Champ Vinet vividly remembers June 6, 1944. D-Day.
“We knew it was coming, we didn’t know when of course,” says the 96-year-old nonagenarian who is quick to add, “I’ll be 97 in a month.”
Vinet was training in Colorado to become a pilot in the U.S. Army Air Corps when news reached him that Allied forces landed on the beaches of Normandy, France, in the largest military invasion in history.
But Vinet says the drumbeats of war came to New Orleans long before.
“What World War Two did for my area, the lower 9th Ward in New Orleans, was create jobs,” says Vinet. “We are talking about coming out of a Depression, where unemployment was 15 to 20 (percent). And it was hungry time. And Higgins created a huge amount of jobs.”
New Orleans businessman Andrew Higgins was a part of the pre-war U.S. Arsenal of Democracy, supplying equipment to American allies. Once the U.S. entered the fight, his factories equipped the military with a vessel that became critical to the D-Day invasion.
“In the immortal words of Dwight Eisenhower… I can only say that this is how we won the war. Without those Higgins boats, there was no way we could put 156,000 troops onto the beaches of Normandy,” says Keith Huxen, senior director of research and history at the National WWII Museum in New Orleans, located near the former factory where many of the Higgins boats were built.
“D-Day at Normandy was the key turning point in World War 2,” Huxen told VOA. “This was New Orleans great contribution to that war effort.”
A contribution repaid in 2000 when the National D-Day Museum opened to highlight the Crescent City’s role in the war effort. But some veterans who visited felt the museum needed more.
“You have to include all of the American experience in World War Two, why it was fought, how it was won, and what it means today,” Huxen recalled.
The National D-Day Museum ultimately transformed into the National WWII Museum in 2004, and now occupies a campus that continues to grow in a $400 million expansion. Over 700,000 people a year visit, making it one of the most popular museums in the country. A restored Higgins boat is displayed at the entrance to the museum.
As world leaders gather in France for the 75th anniversary of the D-Day invasion that marked beginning of the end of World War Two, the museum in New Orleans stands as a permanent memorial and tribute that closely connects the Crescent City to all who served and sacrificed in the deadliest conflict in human history.
“I do not believe that our museum romanticizes World War Two,” Huxen says. “We try to show the realities. And the realities are pain and death and suffering for large parts of the world.”
“It hadn’t stayed with me to where I couldn’t sleep at night,” veteran Vinet says, reflecting on his service during the war. “But when I was in it, I couldn’t sleep at night.”

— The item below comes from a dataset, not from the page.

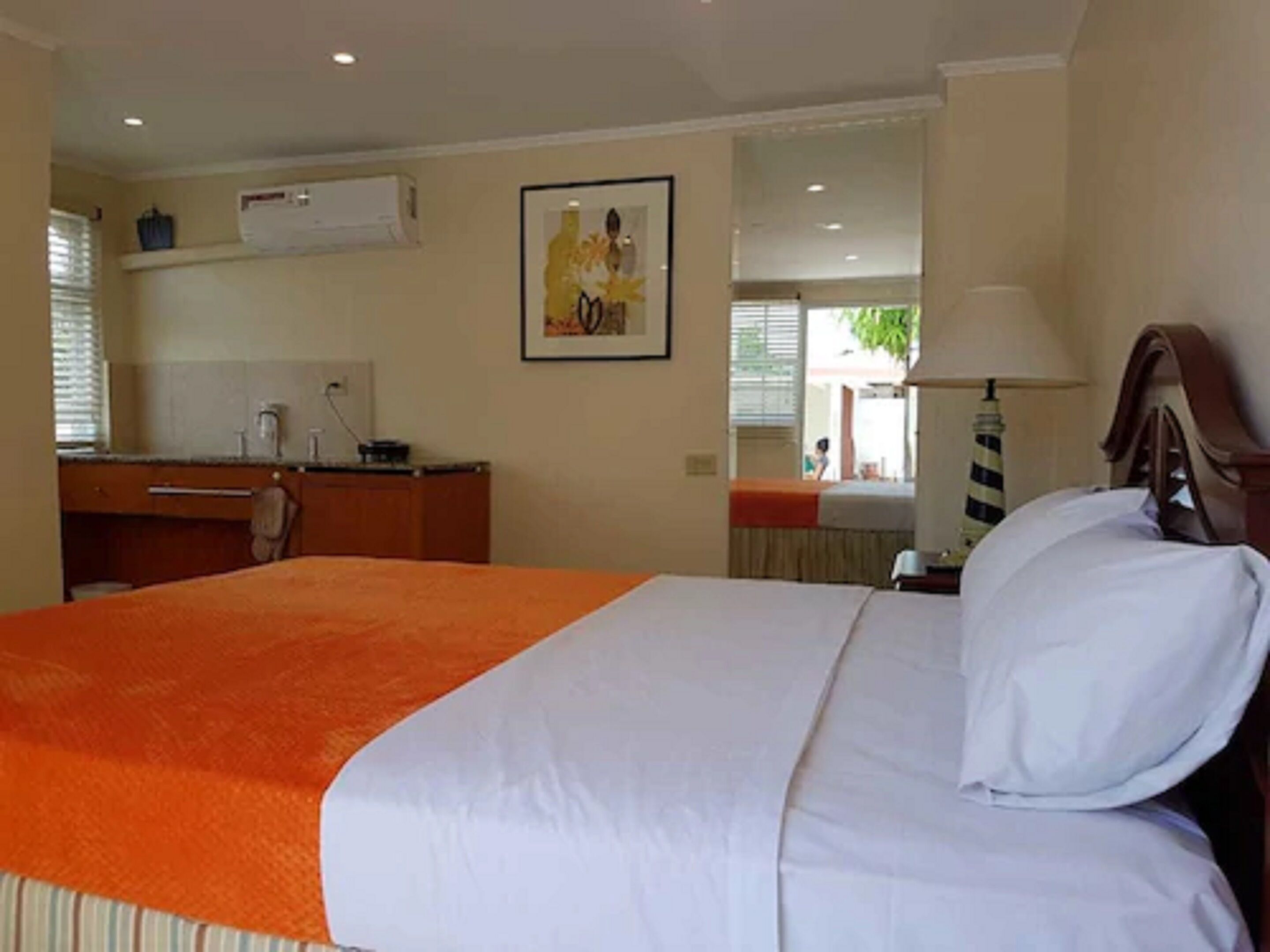 Maria Mulata Apartments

Vinet flew a number of missions behind the controls of a Consolidated B-24 Liberator in Europe as a bomber pilot in the final year of the war.
He is now part of a dwindling number from what NBC News anchor Tom Brokaw called “The Greatest Generation.”

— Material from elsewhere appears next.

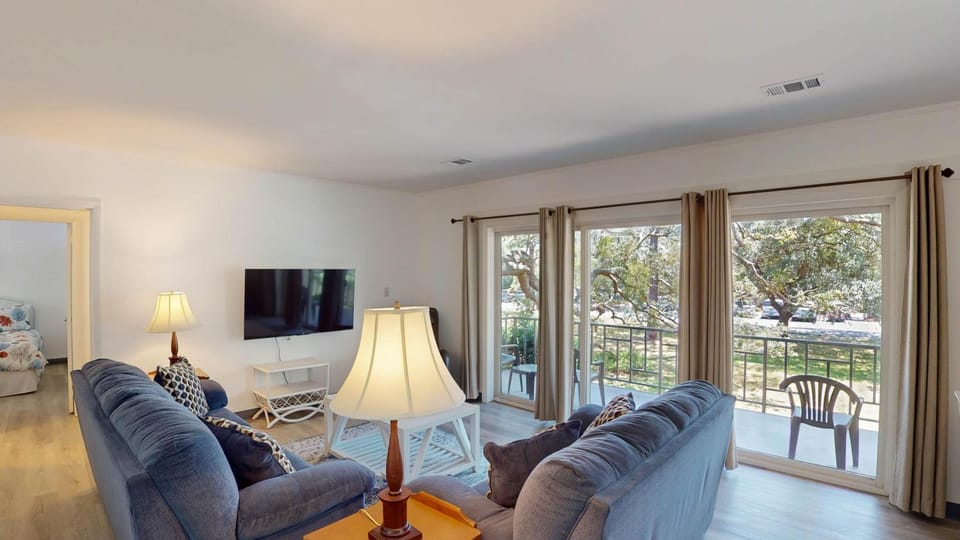 Atlantic Breeze #6 Apartment in Camden County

While more than 16 million people served in the U.S. armed forces during World War Two, today there are fewer than 500,000 veterans remaining who can pass along their stories, which Vinet recently started doing as a volunteer at the National WWII Museum.

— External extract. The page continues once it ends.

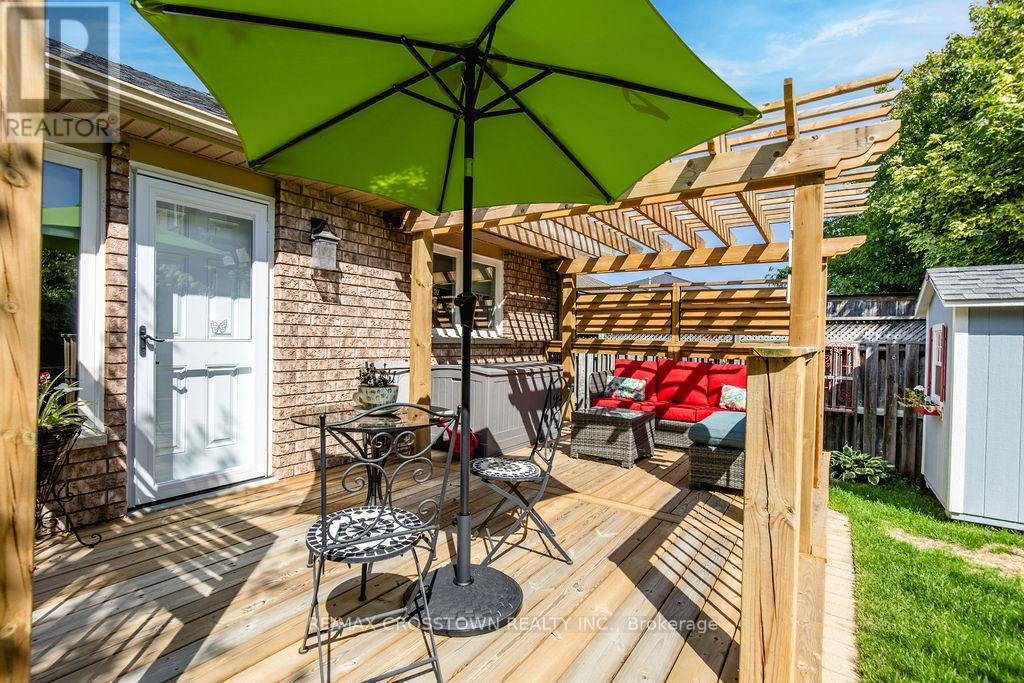 57 Forest Dale Drive, Barrie (Little Lake), Ontario  L4M 6M9 - Photo 41 - S12446534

“As you get older, in my case very old, the possibility of you going soon is very real,” he told VOA in a recent interview at the museum during one of his volunteer shifts.
“I want to spread the word out first hand. Before I leave,” he adds.
Vinet feels a sense of duty sharing stories of what he lived through, and what was lost.
“Maybe it will prevent it happening again. War has changed. It won’t happen that way. World War Two, life was cheap. We lost people by the millions,” he said.
Some of the insights he shares with visitors to the museum, both young and old, are helping him accomplish one more mission.
“I thank them for asking me because somebody has to remember, especially the kids,” Vinet said.
And they thank him in return, both for sharing his stories, and for his service in the war General Dwight Eisenhower called “the Great Crusade” and a “noble undertaking.”